On ne le sait pas vraiment aujourd'hui parce que l'Union européenne reste encore 
relativement indéterminée, même si elle a pris conscience.

Ça, c'est peut-être le point clé de ce fameux livre blanc à horizon 2030, que les dividendes de la paix, c'est-à-dire cette période sans guerre ou sans guerre majeure, était terminée.

Et ça, c'est une première partie du travail.

La deuxième partie du travail, c'est de définir au fond une vision commune, une culture 
stratégique commune.

Pendant très longtemps, les Européens ont fait comme si les États-Unis seraient toujours là.

Comme si la garantie de sécurité américaine était un socle qui ne disparaîtrait pas.

Avec l'élection de Donald Trump, et son arrivée au pouvoir en début d'année 2025, les 
déclarations qu'il a pu faire sur la guerre en Ukraine, la manière dont il a reçu le président Zelinski et le discours de son vice-président à Munich, expliquant au fond que les Européens étaient en situation de déclin, que la démocratie était en péril.
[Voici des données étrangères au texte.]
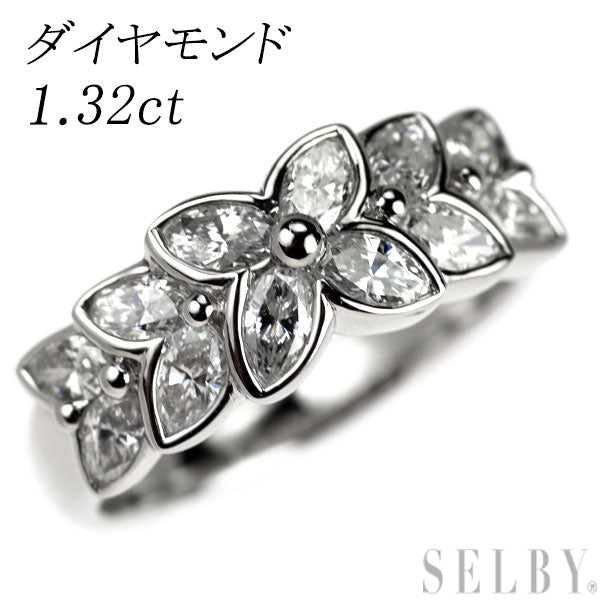 Pt900 ダイヤモンド リング 1.32ct フラワー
Les Européens doivent penser l'autonomie stratégique européenne peut-être pas sans les Américains, mais avec l'hypothèse qu’un départ des États-Unis, la fin de la garantie de 
sécurité américaine est possible.

La fin du soutien américain ou cette espèce de retrait américain, paradoxalement, peut être une opportunité pour l'Union européenne, de faire, par exemple de « la boussole stratégique » pas seulement un mot d'ordre, mais un cap, disons réel, d'action, notamment en matière budgétaire.

On le voit par exemple à travers les 800 milliards d’euros d'investissements militaires qui sont envisagés au niveau européen et qui permettraient disons d'entamer cette mue européenne en matière capacitaire, avec l'idée donc d'une base industrielle technologique de défense 
véritablement européenne, qui puisse progressivement, sans nécessairement sortir des 
alliances, et notamment de l'Alliance atlantique, permettre à l'Europe de compter.